The band finds itself challenged in meeting “a Cadillac skillset with a Reliant budget.” In the meantime, Ms. Debassige has been backfilling the role. “The person who would normally be stepping into the role as an acting manager didn’t want the job,” she admitted ruefully.
In addition to taking on the band manager role, Ms. Debassige has been acting as a band rep in the child welfare department.
“We have a role to play in child welfare, as does every band, but we have a very small team,” she said. “That role requires a lot of travelling as well, as the child might be in Toronto or Sudbury or somewhere else.” Maintaining jurisdiction over its children has always been a major concern for M’Chigeeng, she noted. “At the end of the day the idea is to have jurisdiction reside in our own community.”
Ms. Debassige went on to point out that “I have people coming to me on a daily basis, bringing me their stories and concerns, trusting me with their information.” Honouring that trust requires a delicate balance. “I take those concerns with me to the local, provincial and federal levels when I am dealing with those issues that impact people’s every day lives. My ideas are really the community’s ideas, they come from the grassroots. So when I am dealing on a regional or national basis, it is the local concerns that are driving the agenda while I am sitting at the table.”
All this takes a toll. “I am a 24/7 chief,” she admits. “I have worked 50 to 100 hours every week since I was elected and I haven’t taken a vacation. But when people ask me where I draw my strength from, it is the people in the community.” When she sees the impact that issues are having on people’s lives, her empathy fuels her resolve to find solutions. “I find creative ideas rooted in the ideas of the people,” she said.
Being creative is very challenging when dealing with a bureaucracy whose policy books don’t deal with modern realities. “They didn’t even have a line for dealing with aeration lagoons,” she said, her civil engineering background coming to the fore.
Ms. Debassige forecasts that the load will let up somewhat, however, once the band has a manager in place—something that she admits she is eagerly looking forward to.

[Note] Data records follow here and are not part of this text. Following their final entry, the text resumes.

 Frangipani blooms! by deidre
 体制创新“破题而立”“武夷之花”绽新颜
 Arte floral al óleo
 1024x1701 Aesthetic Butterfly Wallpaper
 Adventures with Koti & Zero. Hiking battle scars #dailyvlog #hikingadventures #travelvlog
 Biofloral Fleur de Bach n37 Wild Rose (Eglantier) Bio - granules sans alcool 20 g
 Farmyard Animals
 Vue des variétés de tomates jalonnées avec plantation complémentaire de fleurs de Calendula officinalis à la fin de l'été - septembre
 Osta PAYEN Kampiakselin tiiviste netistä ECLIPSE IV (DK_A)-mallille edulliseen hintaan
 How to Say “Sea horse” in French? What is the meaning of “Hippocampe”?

In the meantime, shovels are already in the ground for the community’s long sought after grocery story and business centre, slated to open in May of 2018. There have been successful negotiations for employment opportunities for band members with Hydro One for brush cutting and the Ministry of Transportation in the coming Highway 540 reconstruction. Ms. Debassige can also point to advances in the construction of badly needed new housing in the community.